Why aren’t there very many women in science fields? Despite earning more bachelor’s degrees, and even PhDs, in math and since fields than ever before, women still hold less than a quarter of STEM jobs in the U.S.
Why? It might have something to do with how colleagues treat women who have science jobs. According to research by University of British Columbia psychologist Toni Schmader and Matthias Mehl of the University of Arizona, it might be something called the “Stereotype Threat.” As Doug Barry at Jezebel explains:
Using a device called an Electronically Activated Recorder (EAR) that the Stasi would have been super jealous of, Schmader and Mehl collected daily soundbites (about 5 an hour and 70 a day) of women working in science-related fields. They found that, whereas men seemed more energized when discussing their work, when women talked to their male colleagues about work, they seemed disengaged. When women talked to other female colleagues about work, however, they seemed engaged, and when they talked to men about leisure activities, the anxieties that marred previous work-related conversations vanished. Schmader and Mehl looked for instances of men being overtly hostile or nasty to their female colleagues as a possible explanation for this disconnect, but, finding that all the conversations were perfectly civil, they realized that there was another far more subtle phenomenon causing women who’d endured grueling Ph.D. programs to suddenly cut their science careers short.
This is some pretty subjective research but, well, there it is. Apparently this caused researchers to conclude that,
The stereotype threat made women second guess themselves when they talked to a male colleague because there’s an implicit cultural assumption that men are just naturally more inclined towards the sciences than women. That, coupled with the fact that the sciences are dominated by men threw female scientists off-balance in their work-related conversations with male colleagues.
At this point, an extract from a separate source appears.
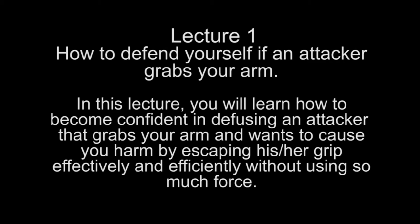Lecture 1: How to defend yourself if an attacker grabs your arm. In this lecture you will learn how to become confident in defusing an attacker that grabs your arm and wants to cause you harm, by escaping his or her grip effectively and efficiently without using too much force.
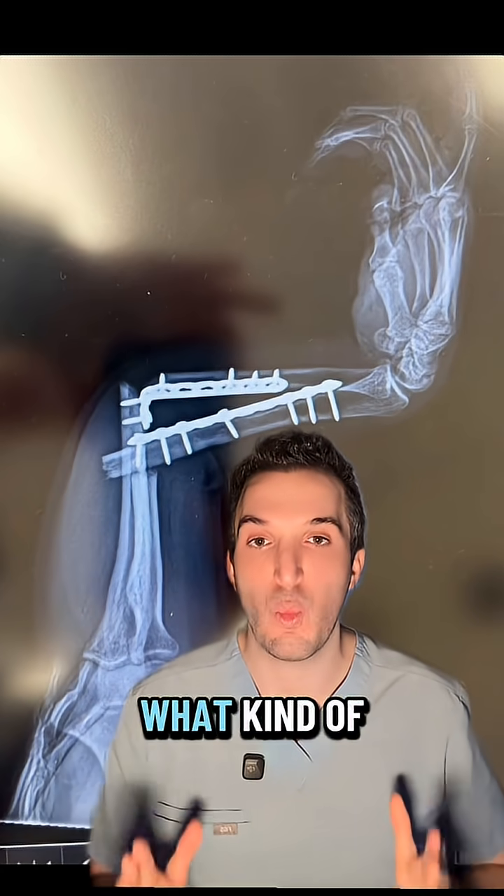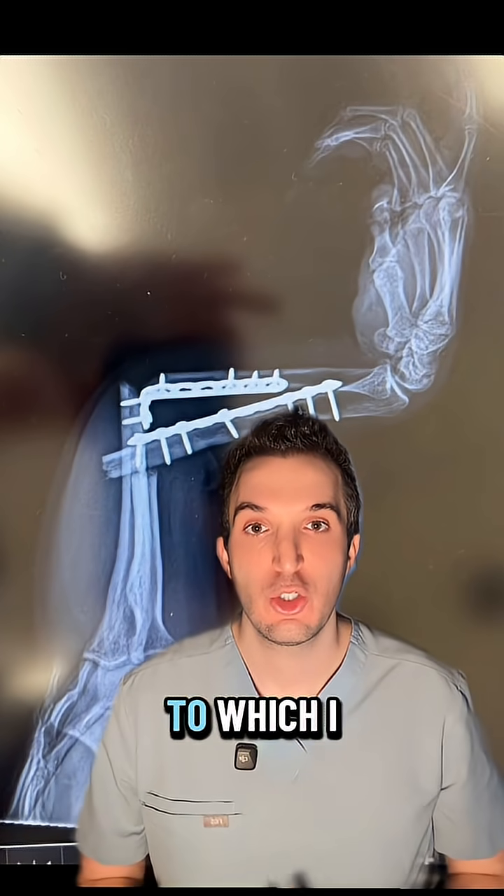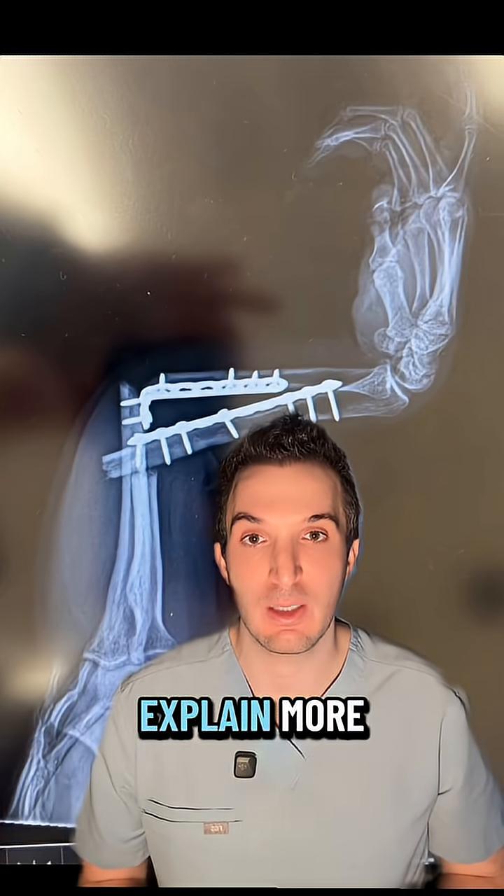At first glance, you're asking yourself, what kind of bird claw x-ray is this? To which I reply, this is actually a human, but let me zoom in and explain more.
This is an interesting, and potentially very significant development in how gender operates in the workplace. Some commentators on the Barry piece spoke about experiences in laboratories where head academics would regularly talk about the importance of getting more women involved, and then continue to marginalize the actual women on staff.
Still, it’s best to keep this in perspective. The stereotype threat might be real, but it doesn’t necessarily explain why women leave.